A Self-Assembling Pfs230D1-Ferritin Nanoparticle Vaccine Has Potent and Durable Malaria Transmission-Reducing Activity
Nichole D. Salinas,
Rui Ma,
Holly McAleese,
Tarik Ouahes,
Carole A. Long,
Kazutoyo Miura,
Lynn E. Lambert,
Niraj H. Tolia
Affiliations
Nichole D. Salinas
Host-Pathogen Interactions and Structural Vaccinology Section, Laboratory of Malaria Immunology and Vaccinology, National Institute of Allergy and Infectious Diseases, National Institutes of Health, Bethesda, MD 20892, USA
Rui Ma
Host-Pathogen Interactions and Structural Vaccinology Section, Laboratory of Malaria Immunology and Vaccinology, National Institute of Allergy and Infectious Diseases, National Institutes of Health, Bethesda, MD 20892, USA
Holly McAleese
Vaccine Development Unit, Laboratory of Malaria Immunology and Vaccinology, National Institute of Allergy and Infectious Diseases, National Institutes of Health, Bethesda, MD 20892, USA
Tarik Ouahes
Vaccine Development Unit, Laboratory of Malaria Immunology and Vaccinology, National Institute of Allergy and Infectious Diseases, National Institutes of Health, Bethesda, MD 20892, USA
Carole A. Long
Laboratory of Malaria and Vector Research, National Institute of Allergy and Infectious Diseases, National Institutes of Health, Rockville, MD 20852, USA
Kazutoyo Miura
Laboratory of Malaria and Vector Research, National Institute of Allergy and Infectious Diseases, National Institutes of Health, Rockville, MD 20852, USA
Lynn E. Lambert
Vaccine Development Unit, Laboratory of Malaria Immunology and Vaccinology, National Institute of Allergy and Infectious Diseases, National Institutes of Health, Bethesda, MD 20892, USA
Niraj H. Tolia
Host-Pathogen Interactions and Structural Vaccinology Section, Laboratory of Malaria Immunology and Vaccinology, National Institute of Allergy and Infectious Diseases, National Institutes of Health, Bethesda, MD 20892, USA
Malaria is caused by eukaryotic protozoan parasites of the genus Plasmodium. There are 249 million new cases and 608,000 deaths annually, and new interventions are desperately needed. Malaria vaccines can be divided into three categories: liver stage, blood stage, or transmission-blocking vaccines. Transmission-blocking vaccines prevent the transmission of disease by the mosquito vector from one human to another. Pfs230 is one of the leading transmission-blocking vaccine antigens for malaria. Here, we describe the development of a 24-copy self-assembling nanoparticle vaccine comprising domain 1 of Pfs230 genetically fused to H. pylori ferritin.
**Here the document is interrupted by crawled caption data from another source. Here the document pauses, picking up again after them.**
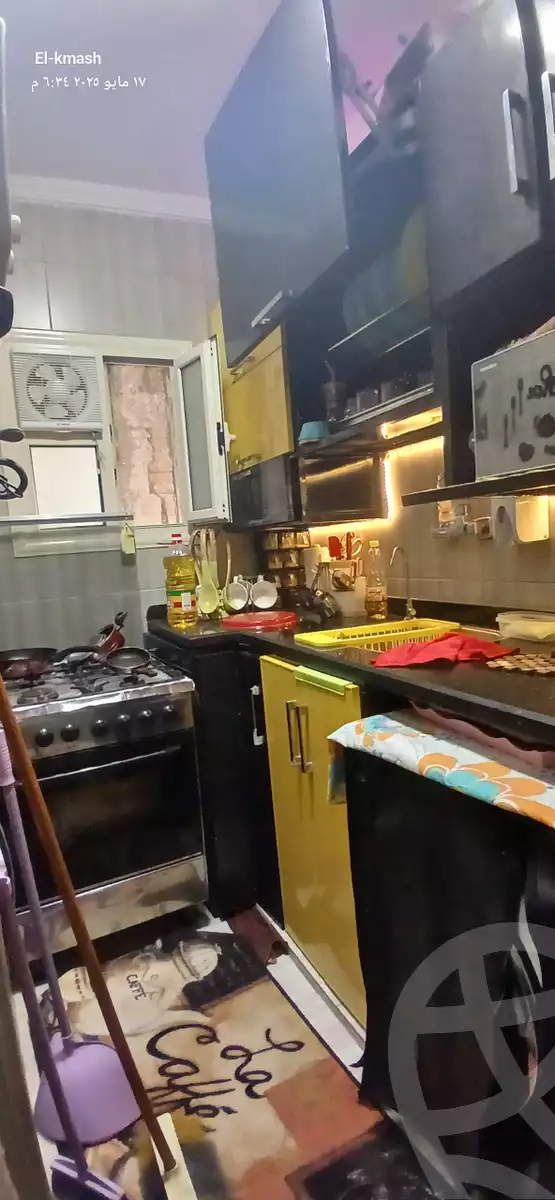 https://aqarmap.com.eg/en/listing/5933175-for-sale-alexandria-bahray-el-anfoshy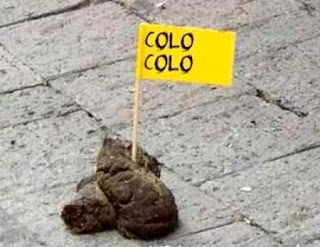 indio+caca.jpg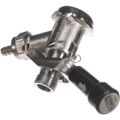 Product Image of Keg Coupler, 36000SS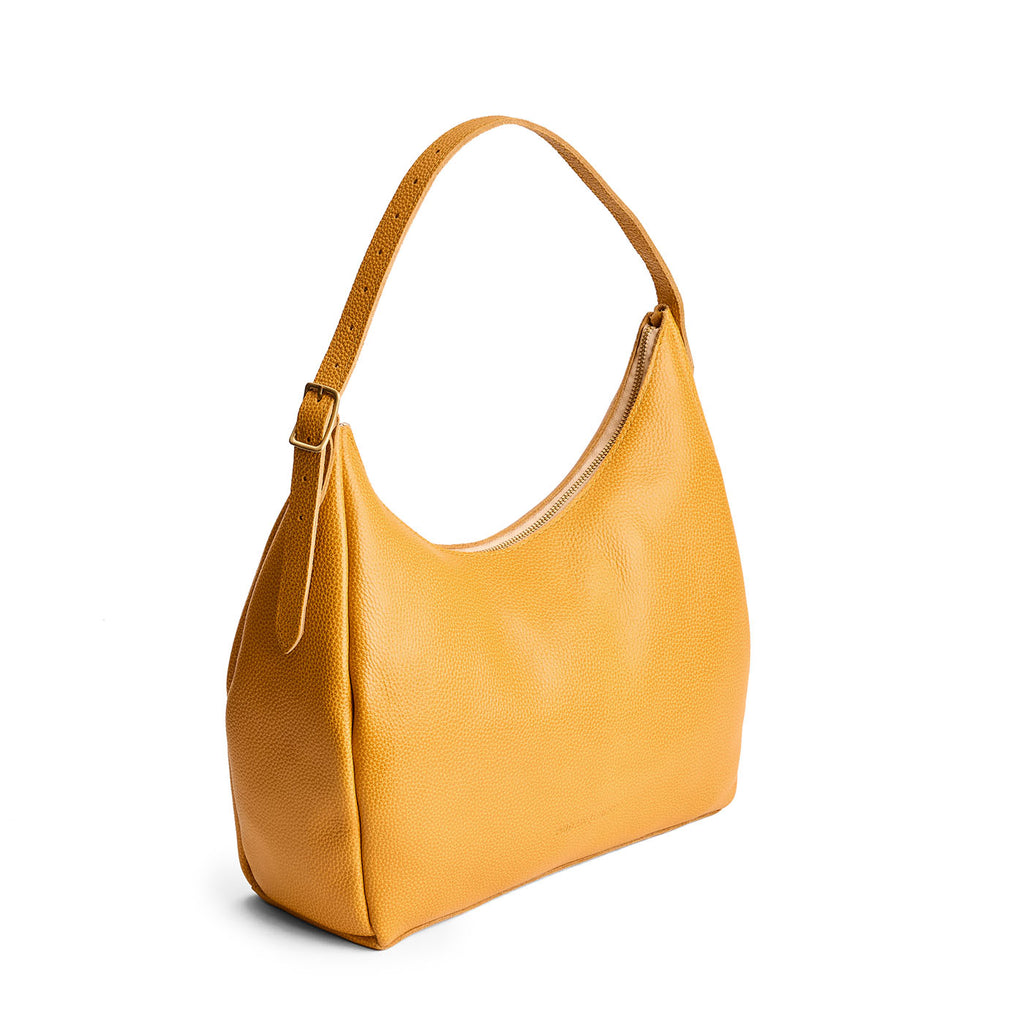 Almost Perfect' Aspen Shoulder Bag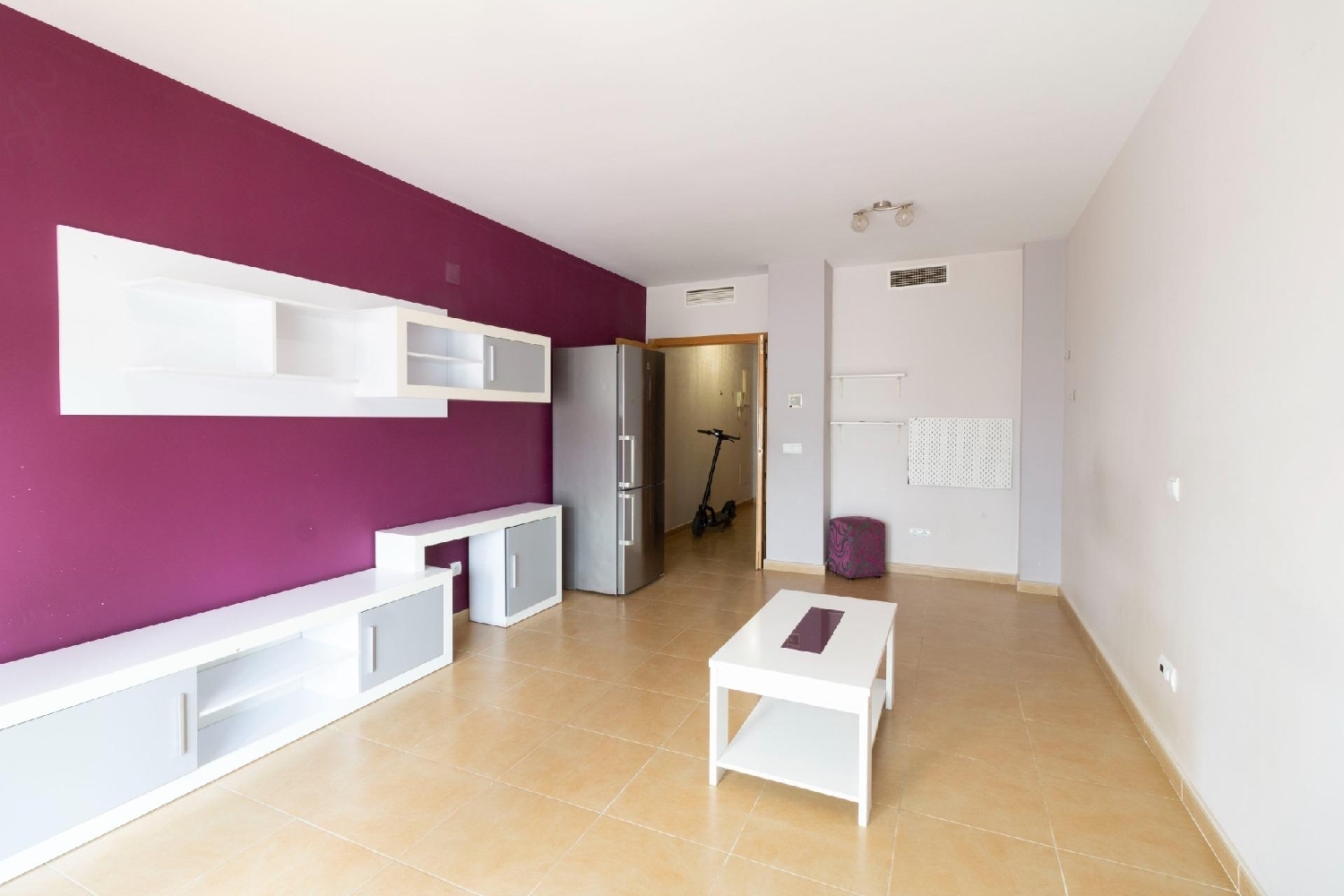  kaufen Erdgeschoss Mijas Costa Del Sol Occidental 6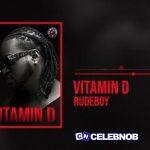 RudeBoy – Vitamin D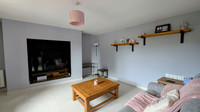 Maison à vendre à Plouray, Morbihan - 858.600 € - photo 12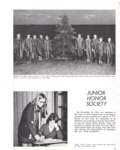 Junior Honor Society-Page 39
The single-component Pfs230D1-ferritin construct forms a stable and homogenous 24-copy nanoparticle with good production yields. The nanoparticle is highly immunogenic, as two low-dose vaccinations of New Zealand White rabbits elicited a potent and durable antibody response with high transmission-reducing activity when formulated in two distinct adjuvants suitable for translation to human use. This single-component 24-copy Pfs230D1-ferritin nanoparticle vaccine has the potential to improve production pipelines and the cost of manufacturing a potent and durable transmission-blocking vaccine for malaria control.